France: une stratégie à l'agonie
La France ne se retrouverait peut-être pas dans un tel pétrin si les derniers sondages, ceux parus le 3 octobre dans l’hebdomadaire Le Point, n’avaient pas donné Bruno Retailleau et son parti Les Républicains battus dès le premier tour de la présidentielle de 2027, ce, dans tous les cas de figure.
Qui sait si le ministre de l’Intérieur démissionnaire, estimant qu’il est encore temps d’arrêter l’hémorragie le vidant de ses dernières chances, n’a pas cherché un prétexte pour se retirer de cette machine à perdre qu’est le pouvoir macroniste. La nomination de Bruno Le Maire au ministère de la Défense, dont Bruno Retailleau n’avait pas été informé, un oubli entamant le lien de confiance avec l’éphémère premier ministre Sébastien Lecornu, a-t-il dit, le lui aura fourni.
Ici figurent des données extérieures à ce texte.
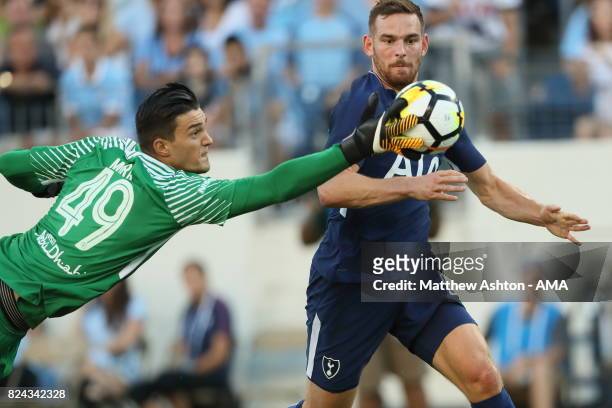 Aro Muric of Manchester City saves from Vincent Janssen of Tottenham Hotspur during the International Champions Cup 2017 match between Manchester...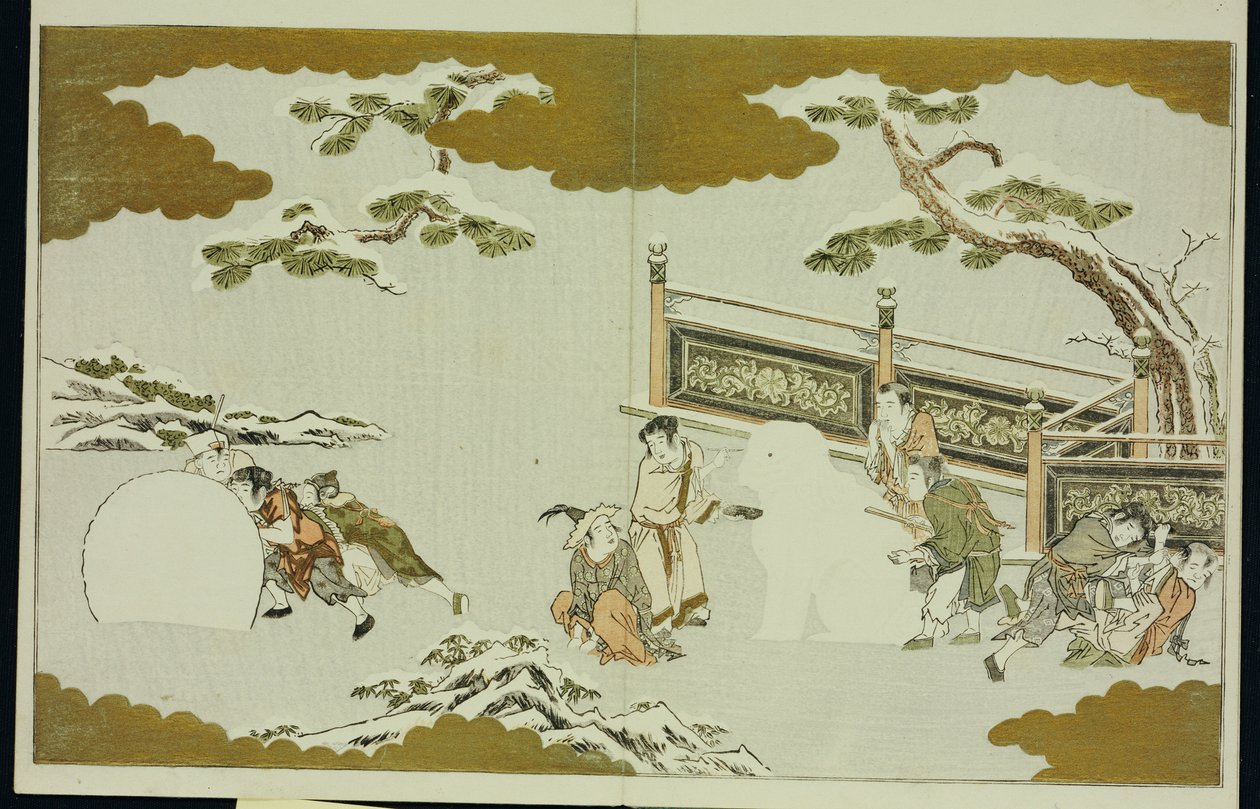 Niños haciendo un shishi de nieve y rodando una bola de nieve, de "El Mundo de Plata" de Kitagawa Utamaro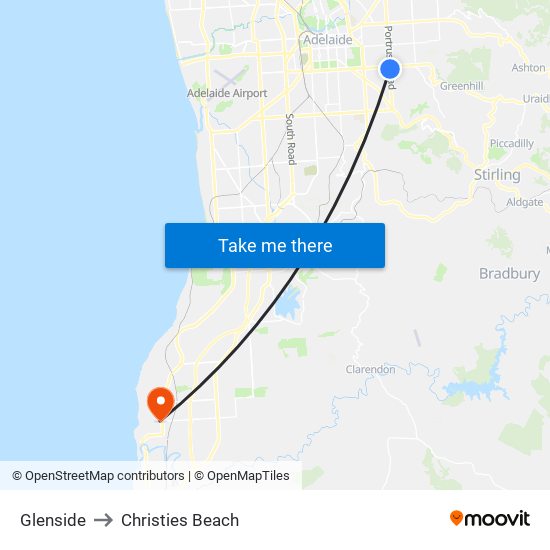 Glenside to Christies Beach map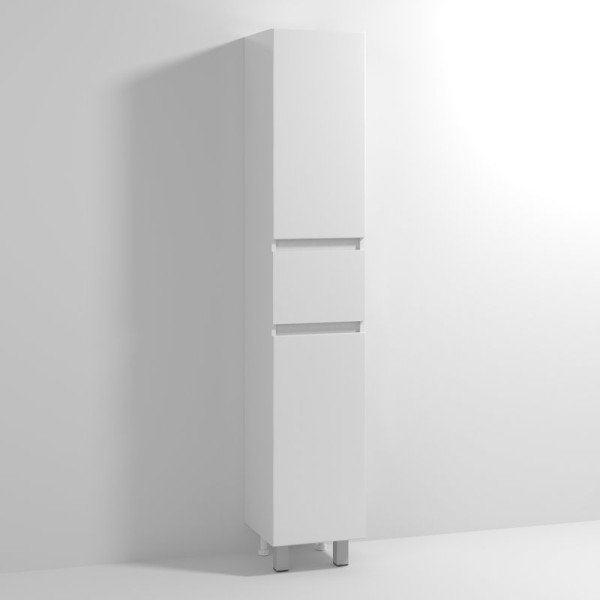 Шкаф пенал для ванной Vod-Ok Best 30 R с бельевой корзиной, белый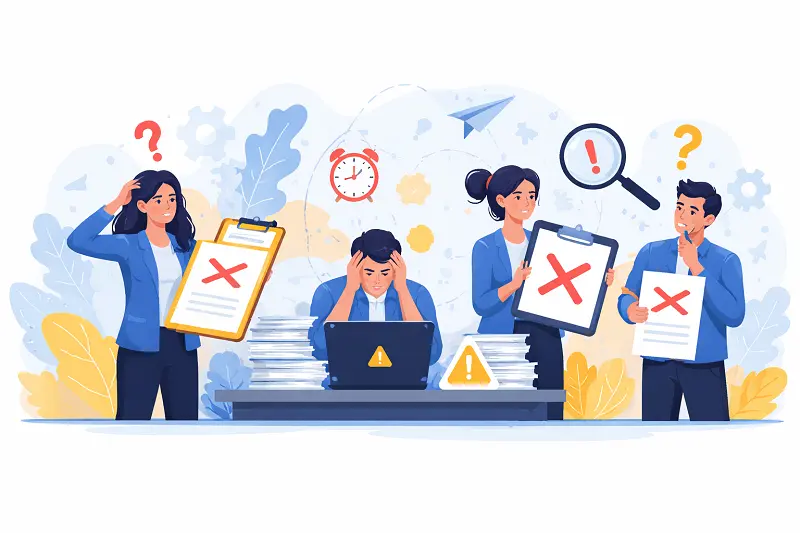 Çalışma İzni Nasıl Alınır sürecinde yabancıların ve işverenlerin çalışma izni başvurusu sırasında en sık yaptığı hataları ve yanlış başvuru risklerini anlatan görsel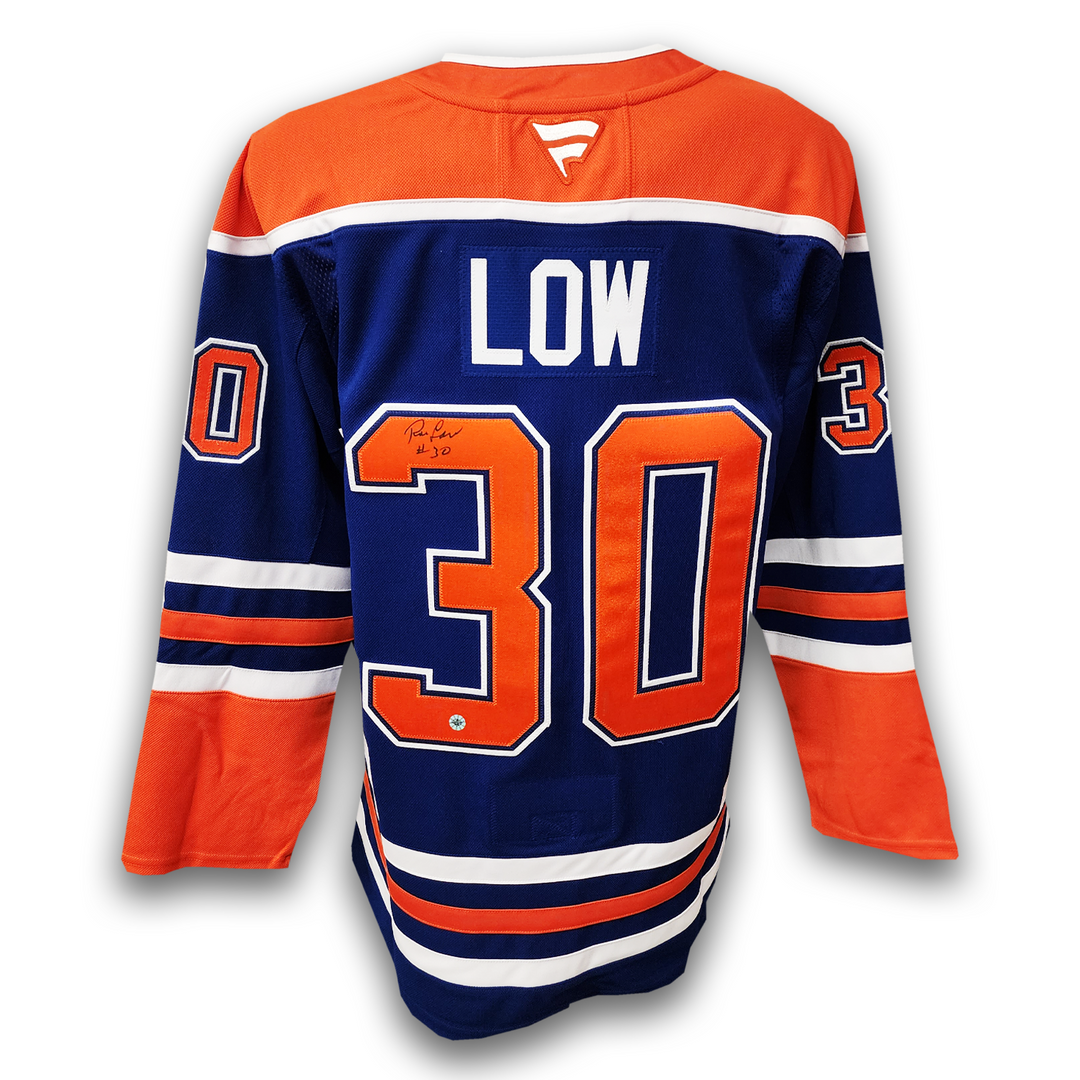 Ron Low Autographed Edmonton Oilers Home Fanatics Premium Jersey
Mais derrière ces enfantillages, la France est en crise démocratique comme jamais depuis l’entrée en vigueur en 1958 de la Ve République, qui devait la mettre à l’abri de l’instabilité institutionnelle. La voilà aujourd’hui empêtrée dans une tripartition faite de trois blocs dits irréconciliables: une gauche dominée par des idées radicales; un centre droit bourgeois; une puissante extrême droite incarnée par le Rassemblement national.
Folle dissolution
En germe depuis plusieurs années, cette configuration ingouvernable est la conséquence directe de la folle dissolution de l’Assemblée nationale de juin 2024, décidée par Emmanuel Macron suite aux élections européennes marquées par une bérézina de la liste présidentielle. Sauf que rien n’obligeait alors le chef de l’Etat à dissoudre. Il pouvait encore s’appuyer sur une forte majorité relative entre ses troupes et celles du parti Les Républicains. Mais il aura préféré jouer le destin de la démocratie française sur un coup de dés.
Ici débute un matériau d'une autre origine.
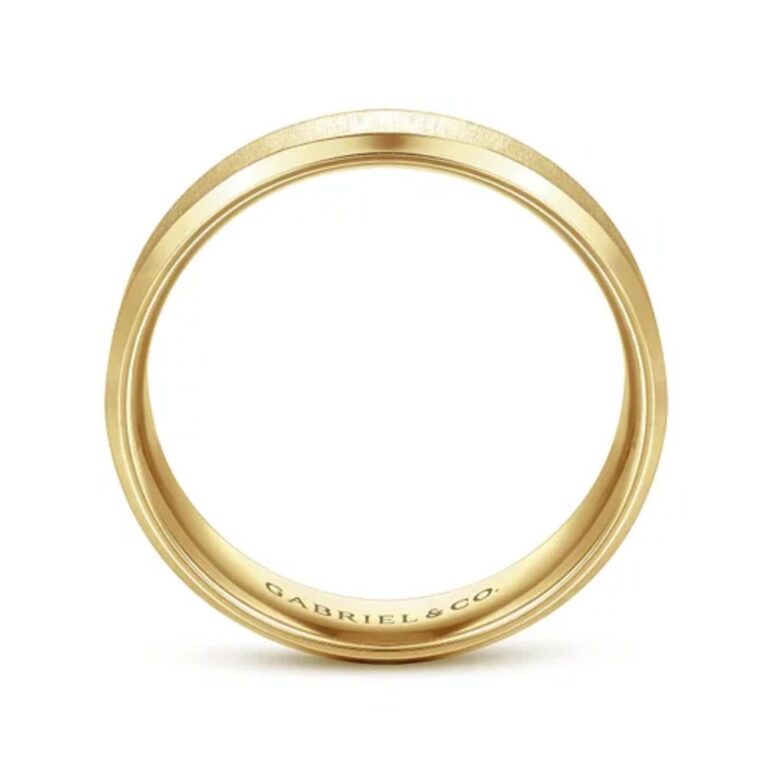 14K Gold 6mm – Vertical Satin Finish Beveled Edge Men’s Wedding Band Gabriel 21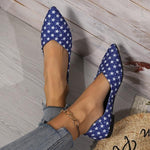 Women's Casual Striped Star Print Pointed Toe Flats 86565687S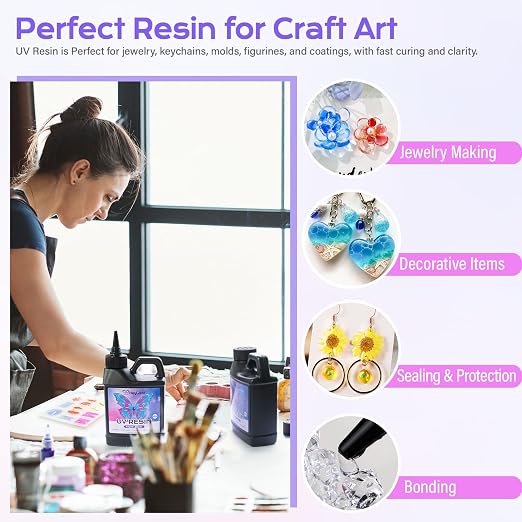 HeyClear 1000g UV Resin kit Crystal Clear, Low Odor, Premixed UV Epoxy Resin - Image 3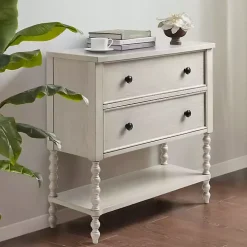White Wood Turned Legs 2-Drawer Chest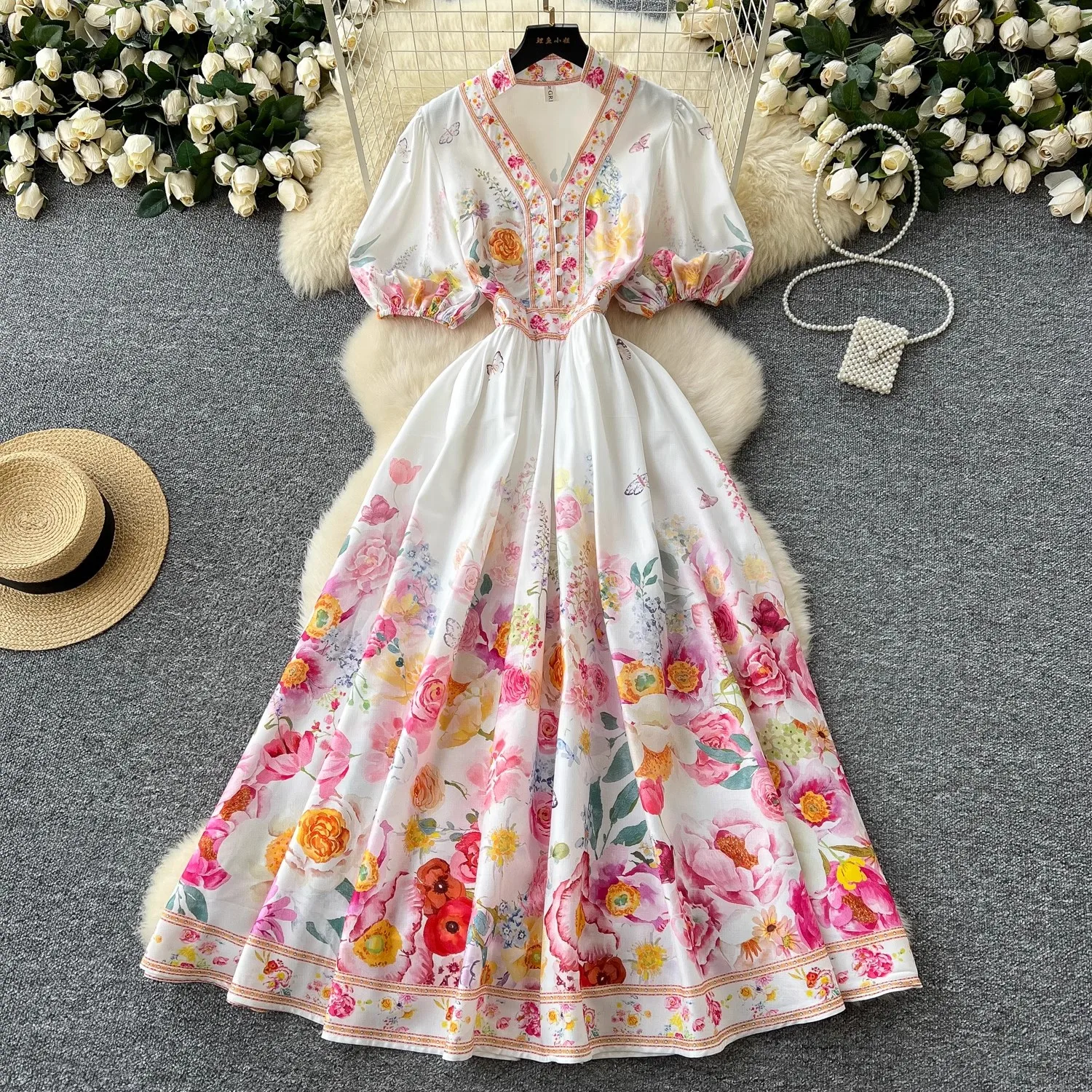 Summer Gorgeous Flower Holiday Long Dress Women's V-Neck Short Puff Sleeve Floral Print Beach Bohemian Party Maxi Vestidos
Summer Gorgeous Flower Holiday Long Dress Women's V-Neck Short Puff Sleeve Floral Print Beach Bohemian Party Maxi Vestidos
A y regarder de plus près, la tripartition est moins la cause de l’actuel blocage politique de la France que l’effet d’une lente et comme inexorable montée du Rassemblement national. Le RN – auparavant le Front national – est l’éléphant dans la pièce de la République française. L’ensemble du jeu démocratique est faussé depuis plus de vingt ans du fait de son omniprésence dans les élections et des incessants mots d’ordre appelant à lui opposer un «barrage républicain». Si bien que quantité d'électeurs votent «utile» et non selon leur réelle préférence dès les premiers tours de scrutins pour faire en sorte que l'extrême droite ne rafle la mise.
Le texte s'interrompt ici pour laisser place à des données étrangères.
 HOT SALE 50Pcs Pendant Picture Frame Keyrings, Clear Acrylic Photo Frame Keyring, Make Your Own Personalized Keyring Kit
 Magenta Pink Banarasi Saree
Un «barrage républicain» à l'agonie
Cela a mécaniquement fonctionné aux législatives anticipées de 2024, sans toutefois empêcher l’ingouvernabilité du pays. Il se dit que cela ne fonctionnera plus la fois suivante. D’où, sans doute, la décision de Bruno Retailleau de quitter le navire gouvernemental, non pour empêcher coûte que coûte une possible victoire du RN lors de prochaines échéances parlementaires, mais pour en atténuer la portée, quitte à ce que Les Républicains s’allient à l’extrême droite, «à la demande générale».
L'ascension du RN aura dans le même temps favorisé la progression d’un autre extrême, la gauche radicale emmenée par Jean-Luc Mélenchon, dont les attitudes et propos parfois outranciers rendent aujourd’hui LFI plus dangereux aux yeux des Français que le parti de Marine Le Pen.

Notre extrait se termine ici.